Madrasah diniyah ini terdiri dari tiga tingkat:
a.       Madrasah diniyah awaliyah ialah madrasah diniyah tingkat permulaan dengan masa belajar 4 (empat) tahun dari kelas I sampai kelas IV dengan jumlah jam belajar sebanyak 18 jam pelajaran dalam seminggu.
b.      Madrasah diniyah wustha ialah Madrasah DIniyah tingkat menengah pertama dengan masa belajar 2 (dua) tahun dan kelas I sampai dengan kelas II dengan jumlah jam belajar sebanyak 18 jam pelajaran dalam seminggu.

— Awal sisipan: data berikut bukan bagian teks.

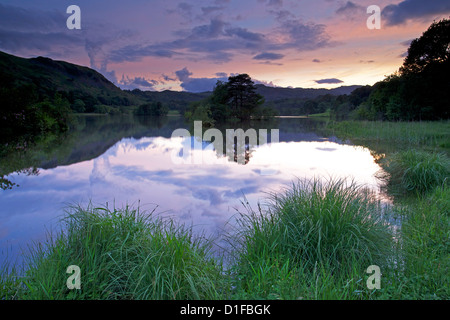 Sonnenuntergang, Rydal Wasser, Nationalpark Lake District, Cumbria, England, Vereinigtes Königreich, Europa Stockfoto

c.       Madrasah diniyah ‘Ulya ialah madrasah diniyah tingkat menengah atas dengan masa belajar 2(dua) tahun dari kelas I sampai dengan II dengan jumlah jam belajar dalam seminggu.

   5.      Pendidikan Guru Agama Negeri
Yang biasanya disingkat PGAN ialah lembaga pendidikan sebgai sambungan dari madrasah tsanawiyah yang mempersiapkan siswa nya untuk menjadi guru agama pada sekolah dasar, sekolah luar biasa, guru agama/guru pada madrasah ibtidaiyah, dan Raudhatul Athfall. Tujuan dari PGAN:
a)      Memiliki pengetahuan tentang agama islam dan pengamalan nya
b)      Memiliki pengetahuan tentang Bahasa arab untuk memahami isi alqur’an dan hadist sebagai sumber ajaran agama islam
c)      Mengamalkan dan mengembangkan profesinya sebagai guru agama bertaqwa
d)     Memiliki kemampuan melaksanakan tugas hidupnya untuk mencapai kebahagiaan di dunia dan di akhirat.

    6.      Lembaga Pendidikan Pesantren
Pesantren merupakan lembaga pendidikan yang ada di Indonesia pesantren ini sendiri telah di kenal sejak zaman colonial. Pesantren adalah tempat para santri belajar ilmu agama islam. Kata pesantren berasal dari kata “santri”, artinya murid yang belajar agama islam. Disebut pesantren karena seluruh murid yang belajar atau thalabul ilmi di pesantren disebut dengan istilah santri.Tidak dikenal sebutan siswa atau murid.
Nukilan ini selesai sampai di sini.